When you call a function the execution point is taken to the adress where this function is declared and taken back after the execution is finished. (thinking in assembly way…)
This operation (change the execution point to another adress) spend time. And I mean here “instruction time”.
If you call a small function like a simple atribution, the system would spend more time to change to the function adress then executing the function itself.
When you declare an inline function, the compiler “copy” the instruction to all the points where the function was called. This eliminates the time spent with changing the execution poit. But obviously increses the “exe” size.
Then it depends on how many times you called the function in your code…
This inline stuff is quite complicated to explain… let me know if didn’t understand and I’ll try to be clearer.
Hope it helps…
Yes, when to inline a function or not, depends on how large the function is, and how many times the function is used. In the end you may want to just profile the code with the function inlined and not inlined to see which is better. Too much inlining can increase the frequency of cache misses.
[This message has been edited by DFrey (edited 01-31-2001).]
Good C++ rule of thumb is do not inline unless you need it. Exception to that or get and set fonctions which only return or set a parameter if they do not require a new include file the header file(for small projects, you can simply forget about the if).
So your function wouldn’t be inline. But if later in your program, you see that the call overhead is killing you because it is getting called often, then inline it. My first bet is you probably won’t need to inline it.

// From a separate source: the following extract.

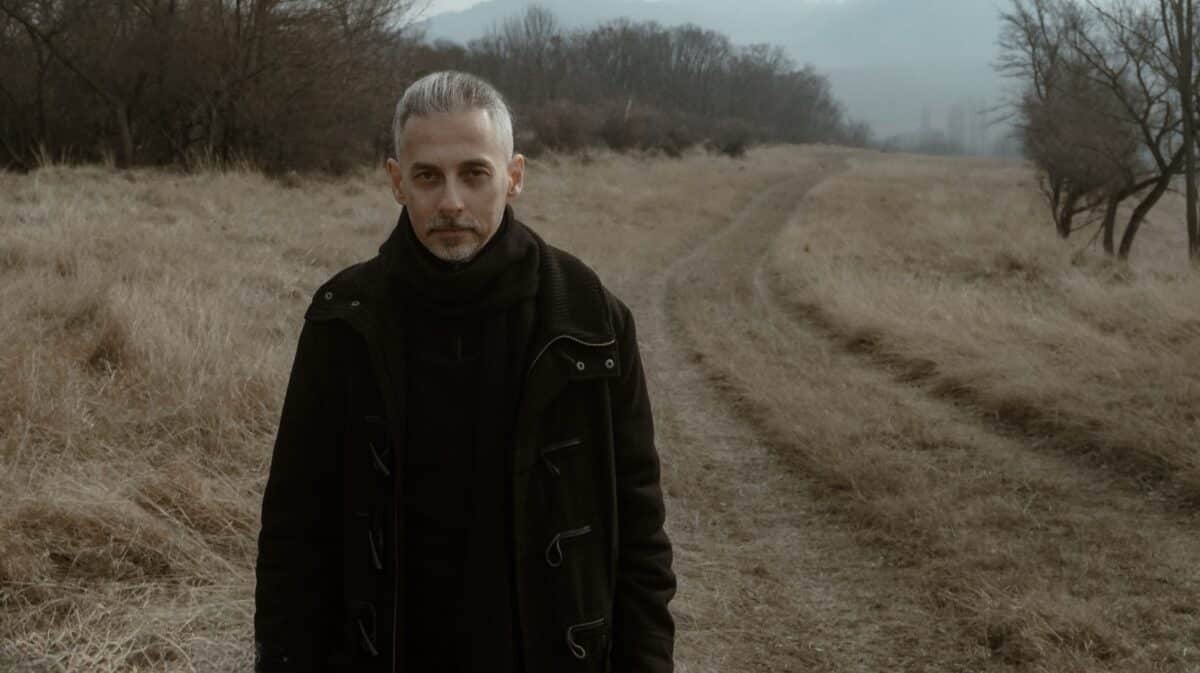 Thy Catafalque Tamás Kátai interview featuring the Hungarian musician standing in an autumn landscape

This fonction is actually really easy to inline for compilers because it is not dependant on anything, it is totally self-contained. So unless one of the glCall is inline(which is impossible) because they come from a dll then
inlining is trivial.
inline of recursive fonctions is possible if you tweak the compiler options correctly( depth unrolling, etc…), but it is not portable and simply not recommended because from my experience, it will simply crap out!!